Working with the XSL-FO Language : XML

Before you actually get into the guts of XSL-FO code, you might be curious as to how you go about manipulating and using XSL-FO. Because web browsers aren't really a viable option just yet, you have to look to other tools for XSL-FO document processing. One popular XSL-FO tool is called FOP, which stands for Formatting Objects Processor. FOP is a freely available open source tool that you can download from the Apache XML Graphics Project at http://xmlgraphics.apache.org/fop/. A good commercial option for XSL-FO processing is XEP, which is available for purchase from the RenderX web site at http://www.renderx.com/. You learn more about both of these tools, especially FOP, later in the tutorial.

Stylus Studio is another popular commercial tool that supports XSL-FO. Check it out at http://www.stylusstudio.com/xsl_fo_processing.html.

The remainder of this section introduces you to the tags and attributes that make up the XSL-FO language, and ultimately give you the power to format and style XML content to your heart's desire.

The Core XSL-FO Document Structure

Strangely enough, the W3C hasn't made available an official DTD for XSL-FO, so I can't just show you a DTD in order to explain the language. And in fact, even if such an official DTD existed, it would be far too complicated to make out the language in one sitting, or 10 sittings for that matter! It turns out that XSL-FO is a very "deep" language, supporting numerous objects and options. All of the inner workings of the XSL-FO language could easily fill an entire book. Because our goal here is to knock out XSL-FO in an hour, I'll focus instead on the core language components that allow you to perform basic XML document formatting.

An "experimental" DTD for XSL-FO does exist, although it wasn't created by the W3C. It was created by RenderX, the makers of the XEP XSL-FO processor. Later in the lesson you learn how to use the RenderX XSL-FO DTD to validate XSL-FO documents.

So without further ado, Listing 14.1 contains the code for a skeletal XSL-FO document.

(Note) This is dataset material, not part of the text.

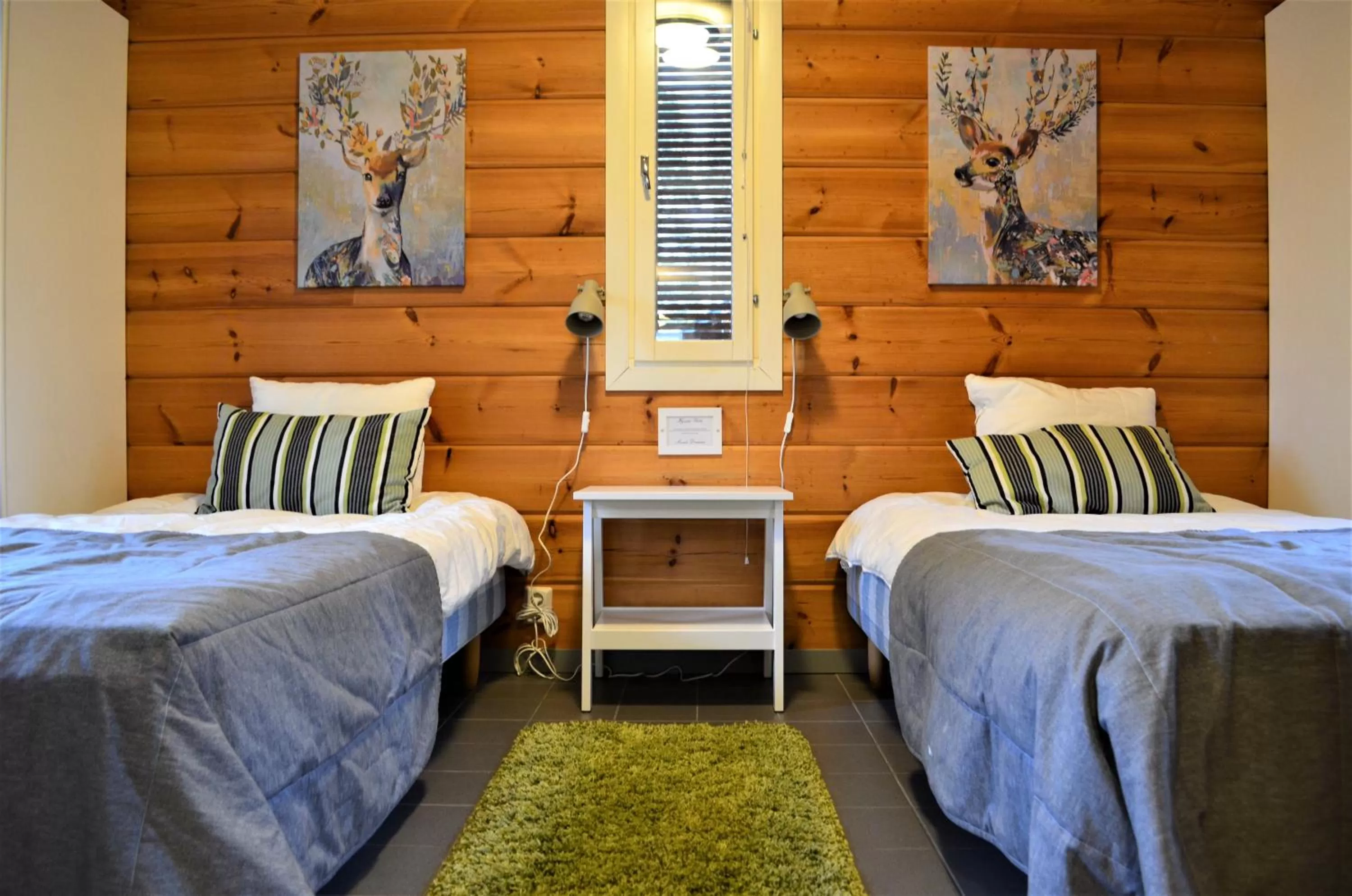 Bed in Rauhalahti Holiday Homes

Listing 14.1. A Skeletal XSL-FO Document

 1: <?xml version="1.0" encoding="utf-8"?>
 2:
 3: <fo:root xmlns:fo="http://www.w3.org/1999/XSL/Format">
 4:   <fo:layout-master-set>
 5:     <fo:simple-page-master master-name="skeleton">
 6:       <fo:region-body margin="1in"/>
 7:     </fo:simple-page-master>
 8:   </fo:layout-master-set>
 9:
10:   <fo:page-sequence master-reference="skeleton">
11:     <fo:flow flow-name="xsl-region-body">
12:       <fo:block>Howdy, world!</fo:block>
13:     </fo:flow>
14:   </fo:page-sequence>
15: </fo:root>

Perhaps the first thing to notice in this code is the XSL-FO namespace, which is assigned the prefix fo (line 3). The namespace itself is located at http://www.w3.org/1999/XSL/Format. Throughout the remainder of the document, the fo prefix is used in front of every XSL-FO tag; this is typically how XSL-FO documents are coded. You may also notice that the root element of the skeletal document is fo:rootthis is the standard root element for all XSL-FO documents.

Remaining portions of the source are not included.